AK Parti’nin doğurganlık oranlarını artırmak için yürüttüğü çalışmada çocuk sayısına göre artan doğum izni modeli masada. Konuyla ilgili dört bakanlık çalışma başlatırken, kadın çalışan sayısı ve işten uzak kalma maliyeti masaya hesaplanacak.
Türkiye İstatistik Kurumu’nun (TÜİK) 2023 yılı doğum istatistiklerine göre Türkiye’de toplam doğurganlık hızı kayıtlara geçen en düşük seviyeye geriledi, doğurganlık oranı 1,51’e kadar düştü.

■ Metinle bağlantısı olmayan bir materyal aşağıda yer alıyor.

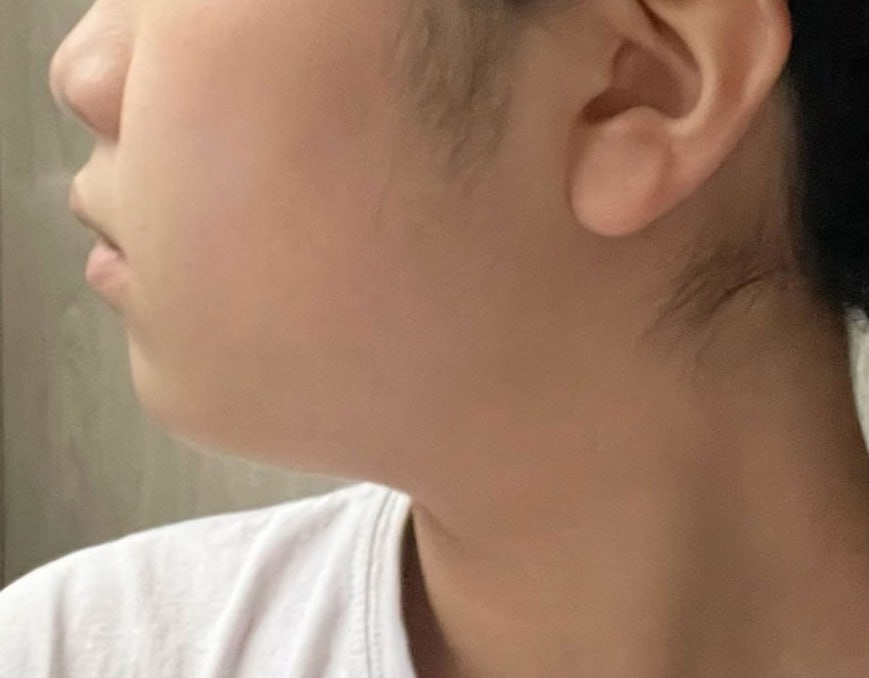 Loại bỏ mỡ Buccal tạo mặt nhỏ | Điều trị tùy chỉnh 1:1 bởi bác sĩ chuyên gia | Very Good Gangnam Hàn Quốc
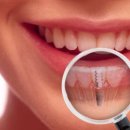 뿌리심는치과의원 이미지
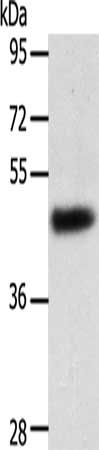 Gel: 10%SDS-PAGE, Lysate: 40 μg, Lane: Human liver cancer tissue, Primary antibody: SPATA17 Antibody(SPATA17 Antibody) at dilution 1/400, Secondary antibody: Goat anti rabbit IgG at 1/8000 dilution, Exposure time: 1 minuteRabbit anti-Human SPATA17 Polyclonal Antibody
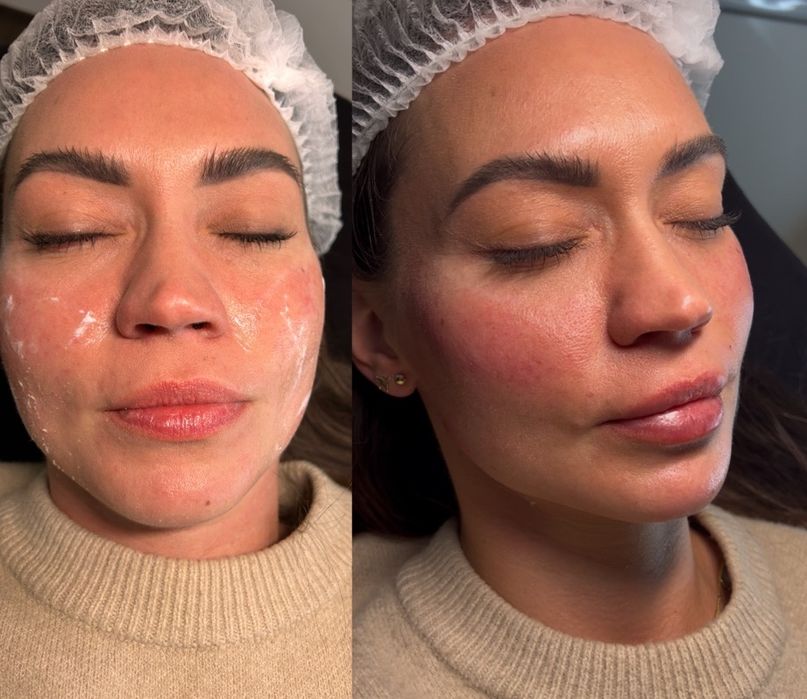 Kwas hialuronowy, botox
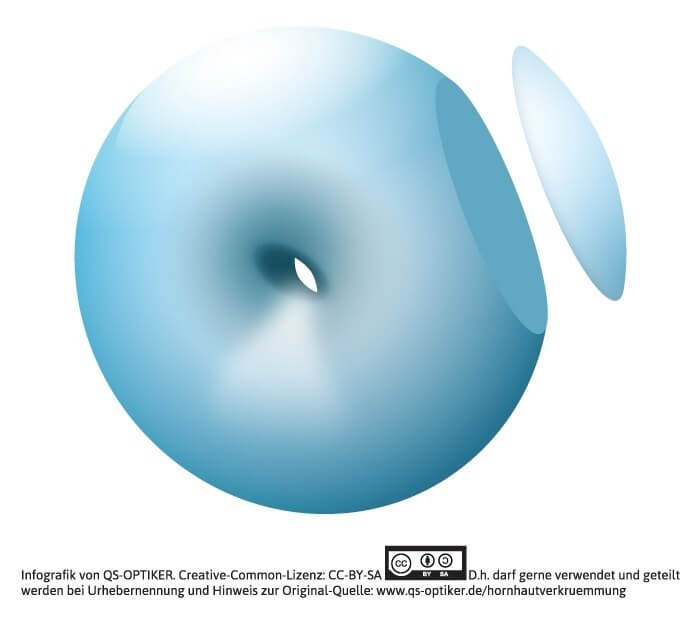 Torische Linsenoberfläche als „Käppchen“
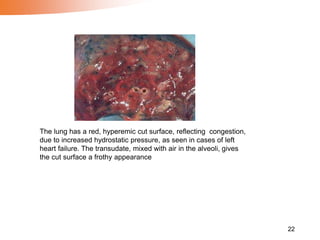 22
The lung has a red, hyperemic cut surface, reflecting congestion,
due to increased hydrostatic pressure, as seen in cases of left
heart failure. The transudate, mixed with air in the alveoli, gives
the cut surface a frothy appearance
 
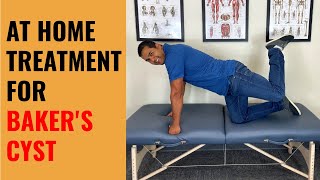 4 Self Treatments For Baker’s Cysts In The Knee [upl. by Pietro316]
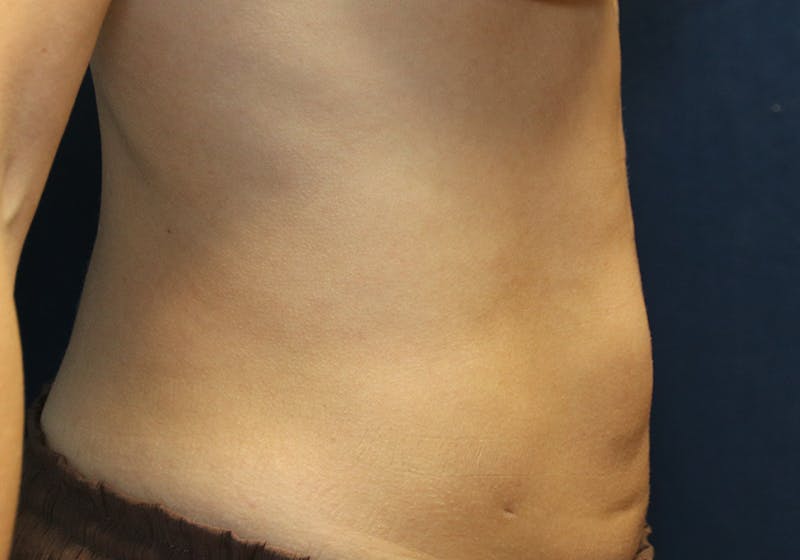 Liposuction Before & After Gallery - Patient 481624 - Image 6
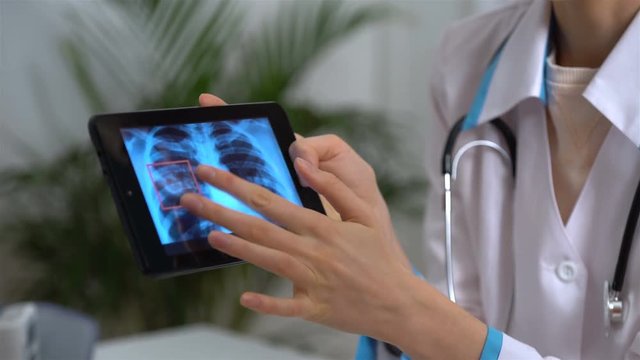 Attractive medical doctor is talking to female patient and showing her a X-ray picture on tablet while working in his office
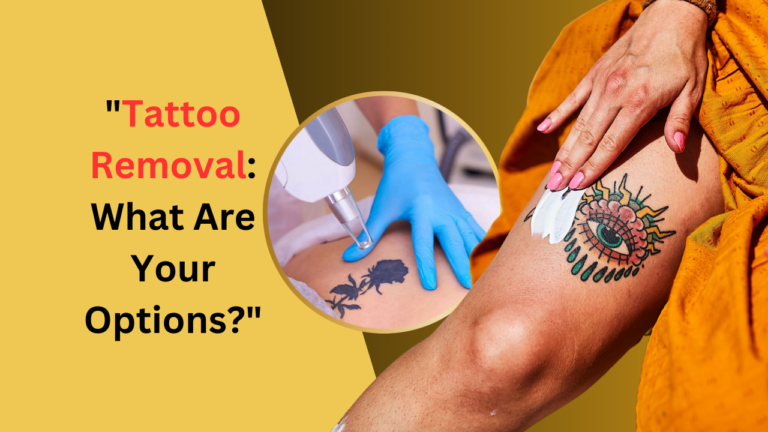 Tattoo Removal: What Are Your Options?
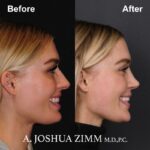 2 Rhinoplasty Before And After 1 1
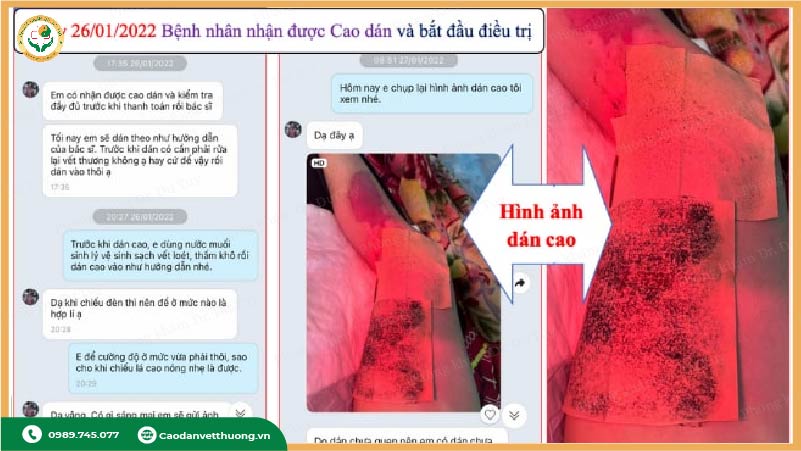 cham-soc-vet-bong-dung-cach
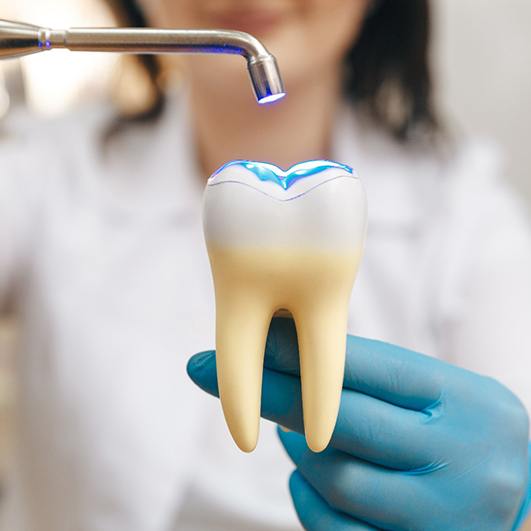 Dentist demonstrating tooth-colored filling on large model tooth 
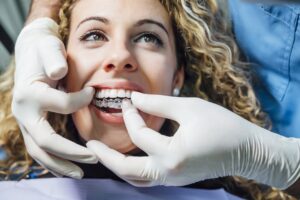 clínica like dental - ortodoncia con férulas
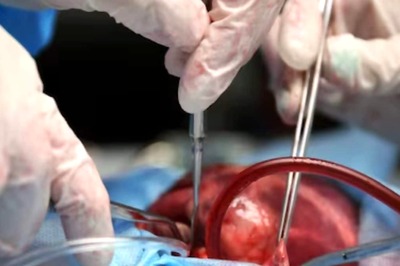 Mumbai Doctors Perform C-Section Under Torchlight, Deliver Dead Boy; Mother Passes Away Hours Later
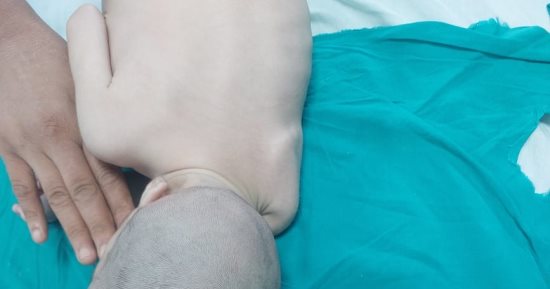 للمرة الأولى بجامعة الإسكندرية.. نجاح عملية نادرة لفصل توأم ملتصق من الرأس  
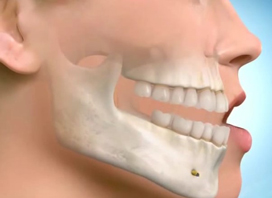 Lower Jaw Set-Back Surgery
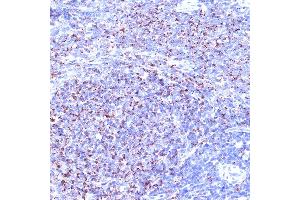 Immunohistochemistry of paraffin-embedded rat spleen using TC10/RHOQ Rabbit mAb (ABIN7269869) at dilution of 1:100 (40x lens). (RHOQ antibody)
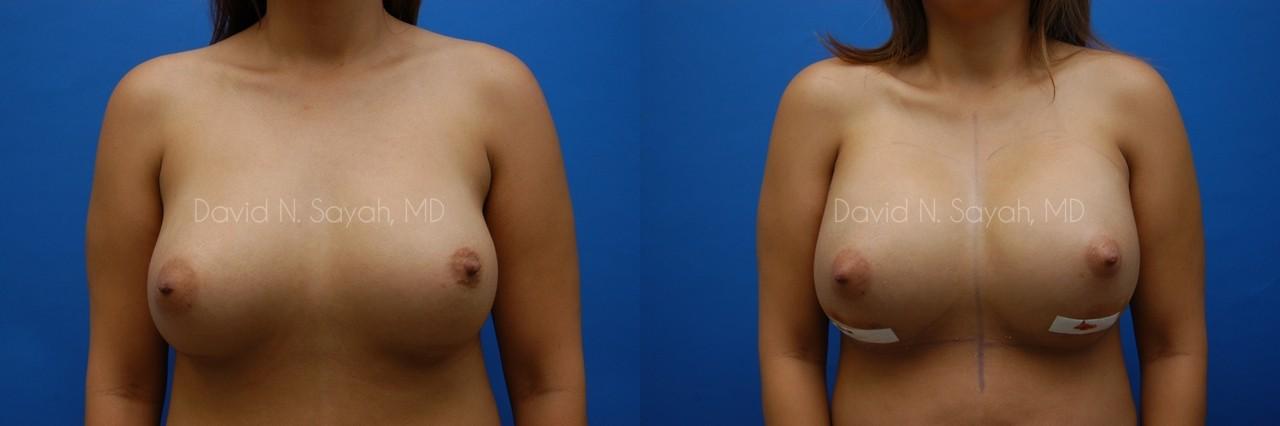 Breast Implant Revision Before and After | Sayah Institute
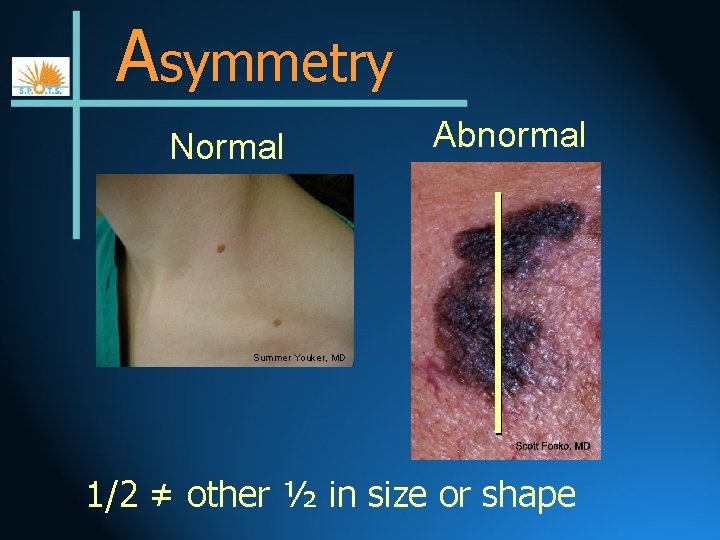 Asymmetry Normal Abnormal Summer Youker, MD 1/2 ≠ other ½ in size or shape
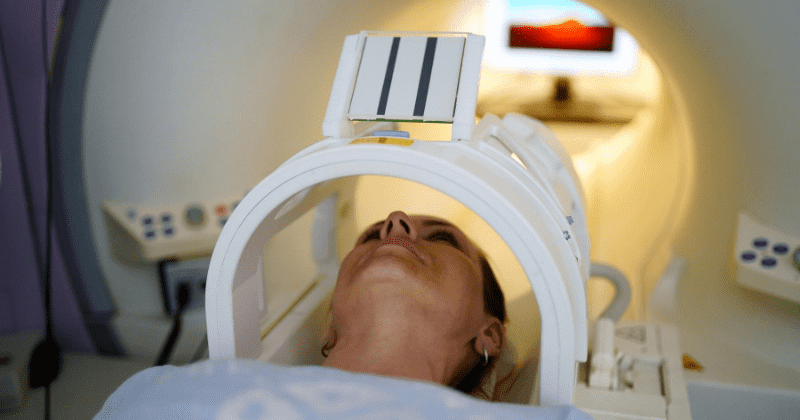 Women smokers 4 times more likely to have bulge in brain's blood vessel, high BP increases risk 7-fold: Study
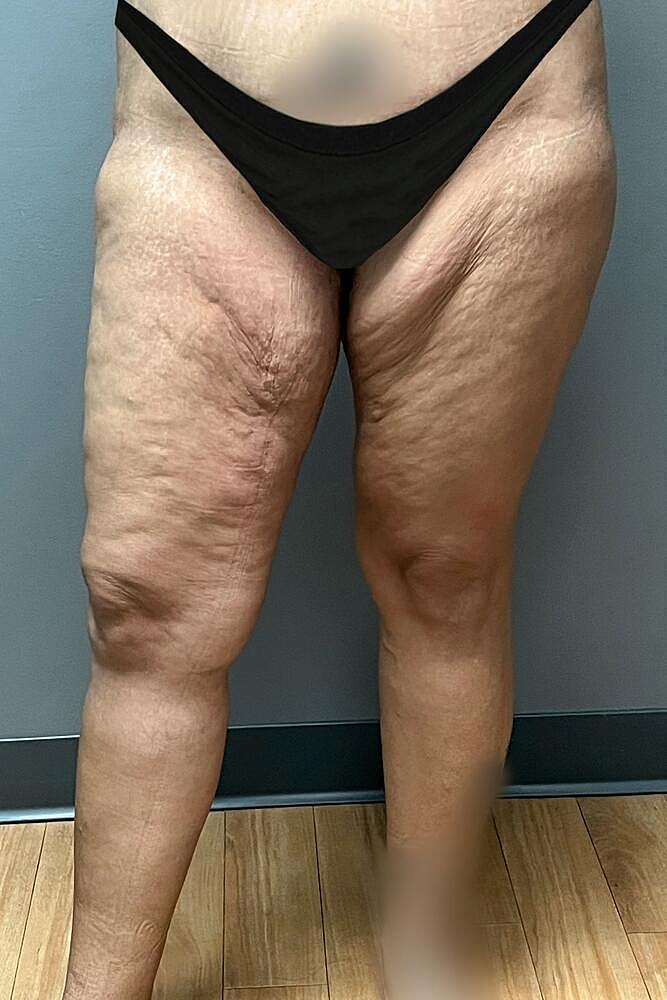 Thigh Lift Before & After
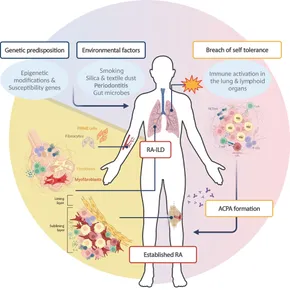 Rheumatoid-arthritis-pathogenesis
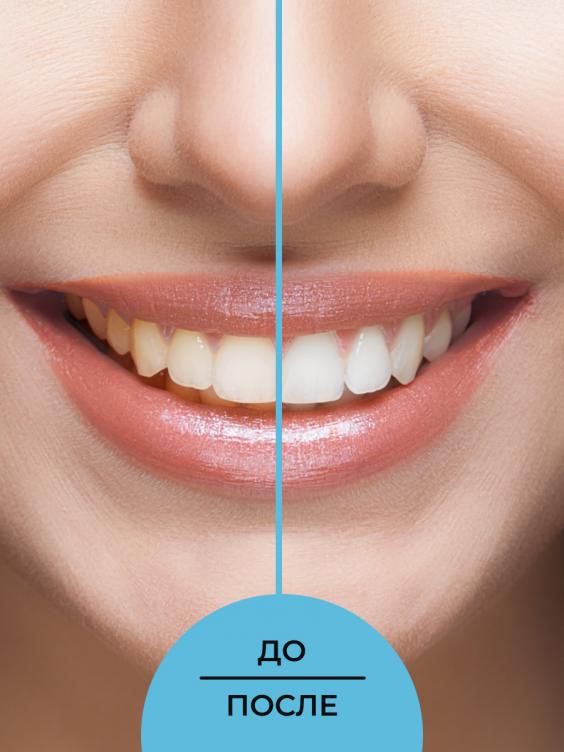 Зубной эко-порошок "Очищающий" ZBPR(1)-SIB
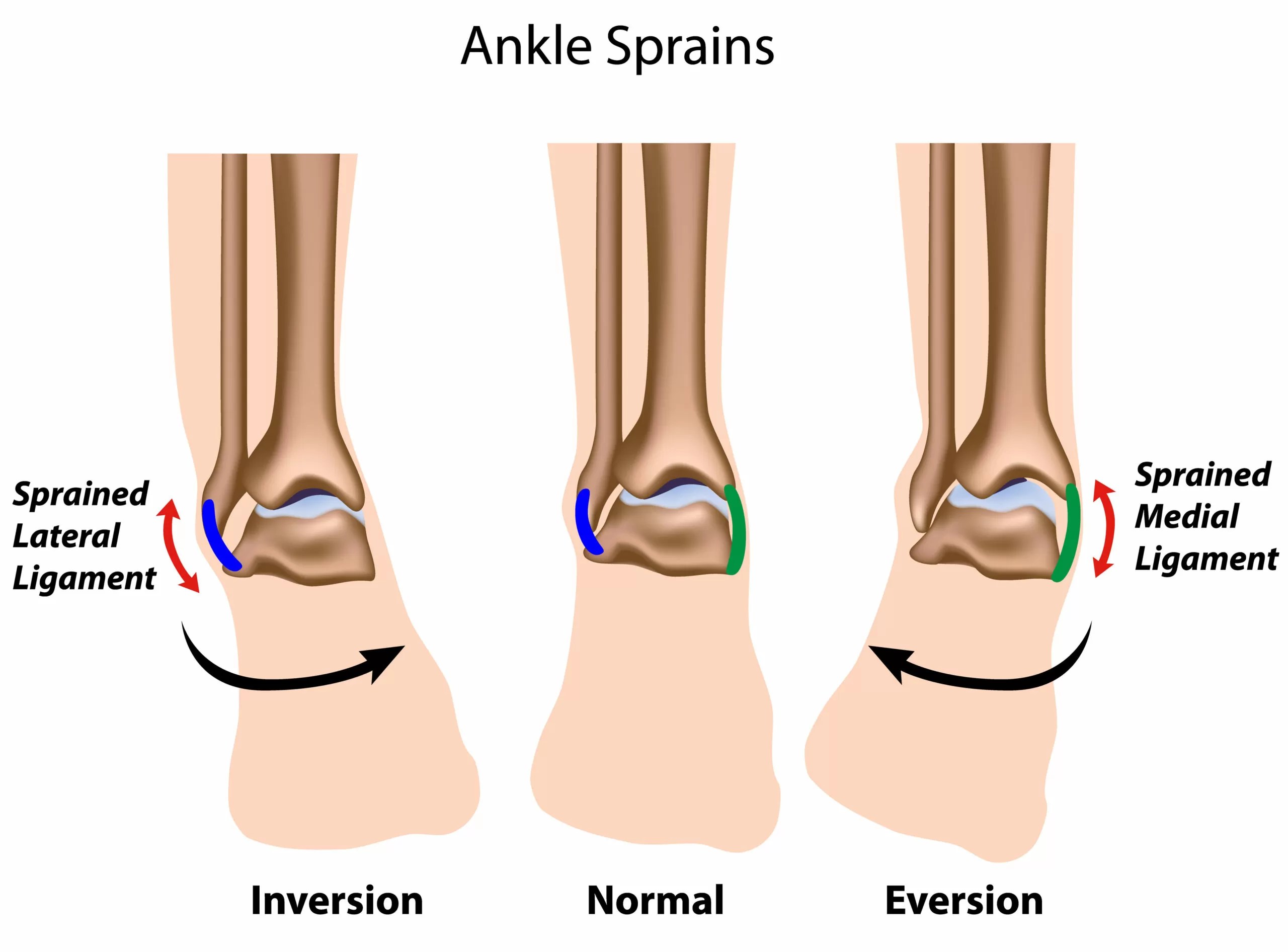Understanding Ankle Sprains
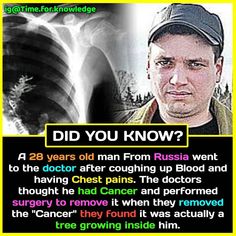 a man with an x - ray behind him and the caption that says did you know?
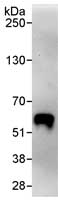 Detection of Human KAT8 / MYST1 / MOF by Immunoprecipitation in Whole cell lysate from HeLa cells (1 mg for IP, 20% of IP loaded) using ab72056 at 3 µg/mg lysate. Subsequent WB detection was done using ab72056 at 1 µg/ml.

Cumhurbaşkanı Recep Tayyip Erdoğan da istatistiklerin endişe verici olduğunun altını çizen Erdoğan, “Türkiye açısından varoluşsal bir tehdittir, bir felakettir.” dedi.
Doğurganlık oranı en düşük seviyeye geriledi
Cumhurbaşkanı Erdoğan ‘nüfus’ uyarısının ardından doğurganlık oranının artırılması, AK Parti MKYK’sında gündeme geldi.
Toplantıda düşen doğum oranları ve çiftlerin çocuk sahibi olmaları için teşvik amaçlı atılabilecek adımlar değerlendirildi.
Bu doğrultuda konuyla ilgili dört bakanlık çalışmaya başladı etki analizi için harekete geçildi.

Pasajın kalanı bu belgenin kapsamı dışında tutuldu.